Update: I learn a few things from a comment exchange with Geoff Styles.
R: I recently read Turning Oil Into Salt (which has a lot to like and a lot to dislike - I wrote a rambling review for anyone interested), which would have you believe that the incremental cost of making a car flex-fuel is minimal (in the low hundreds of dollars range above a normal car). If this is true (and I would be interested to hear informed views on whether it is), it would be worth at least looking at the cost/benefit of mandating or incentivizing flex-fuel vehicles, particularly if the alternative to satisfy the ethanol lobby is an E15 ruling that doesn't make economic and/or environmental sense.
Geoff: The Big 3 have already committed to making half their new cars flex-fuel, and with GM and Chrysler beholden to the govt. a 100% target won't be far behind. But even if 100% of all new cars were FFVs starting this year, there would still be many millions of cars vulnerable to damage from higher ethanol blends for many years to come. The problem isn't the FFVs, of which there are already enough to boost E85 sales dramatically. It's making the entire E85 proposition, with its high costs for service station owners and consumers alike more attractive. Does 75% of the energy of gasoline for 86% of its cost sound like a good deal to you?
R: Agree that E15 could be bad for legacy vehicles (I was thinking of FFVs as an alternative demand sink to raising the blending limit to 15%). I think raising the limit would be a bad idea.
And agree that expanding E85 infrastructure will take investment, but the economics of ethanol itself could become attractive enough to justify that investment (and the energy-adjusted price ratio with gasoline has and will continue to fluctuate based on ag supply-demand, crude prices and refining economics).

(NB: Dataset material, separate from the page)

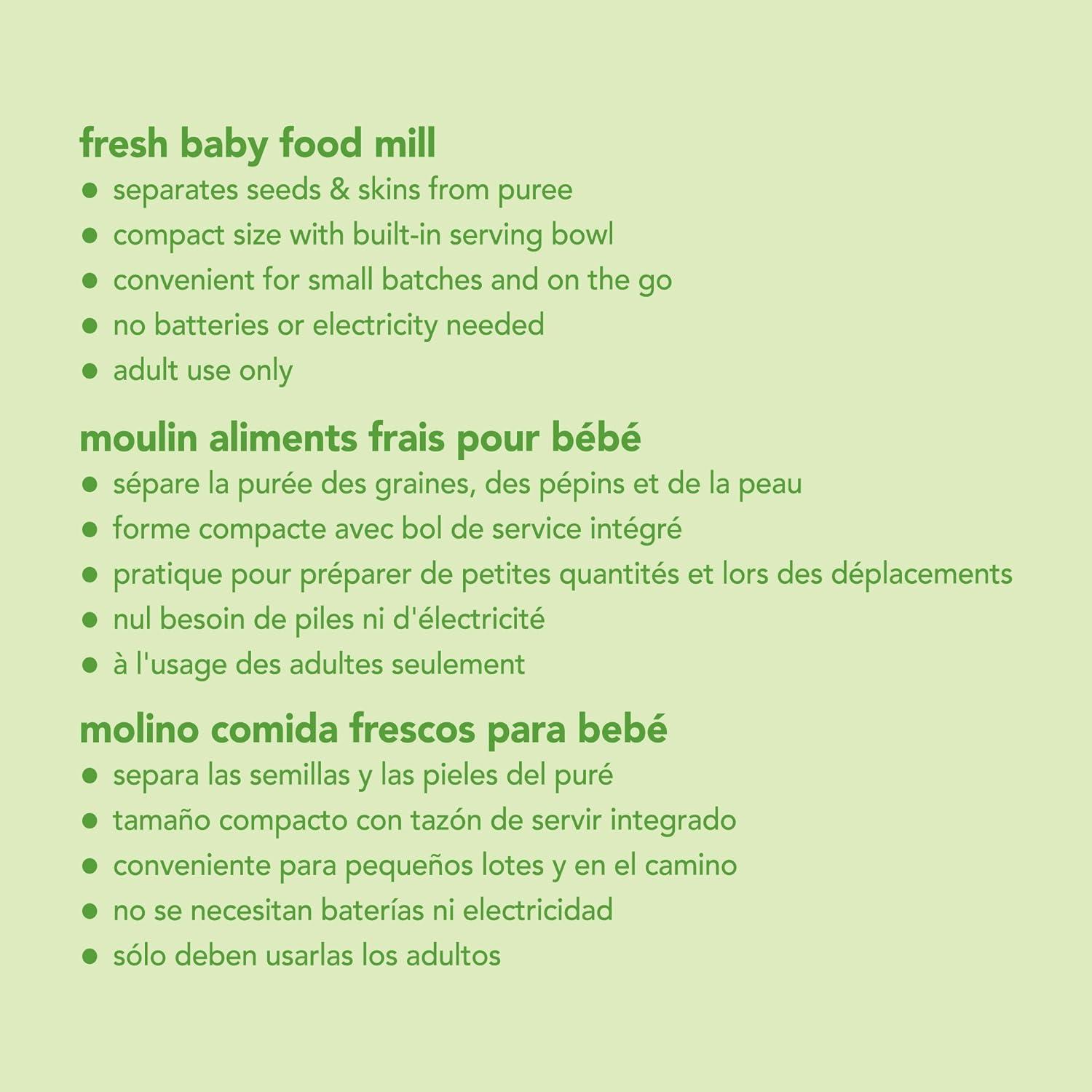 Molino de Comida para Bebés Green Sprouts - Manual, Compacto, Sin Baterías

I don't really like corn ethanol, but if it's a choice between E15 or more FFVs to satisfy the ethanol lobby, the latter sounds more attractive to me.
Geoff: R,
When you put it that way, I agree, though the old saw about horses and water comes to mind. There are sufficient FFVs on the road already to absorb 10x the E85 currently sold. Understanding why they're not buying more of it could be key to figuring out how to make it work on a mass-market level. Is it a critical mass issue on either infrastructure or vehicles, or do consumers just not like the value proposition and attributes?
R: I hadn't realized there were already so many FFVs in the U.S. - sounds like that can't be a constraint now. Do you have any idea how much ethanol E85-equipped stations sell? That might shed some light on whether the issue is midstream infrastructure vs. poor value proposition.
Update 2: ... in which my poor reading skills and attention to detail are exposed:
Geoff: R,
The figure is cited and linked in the posting.
R: So it is :) Good stuff.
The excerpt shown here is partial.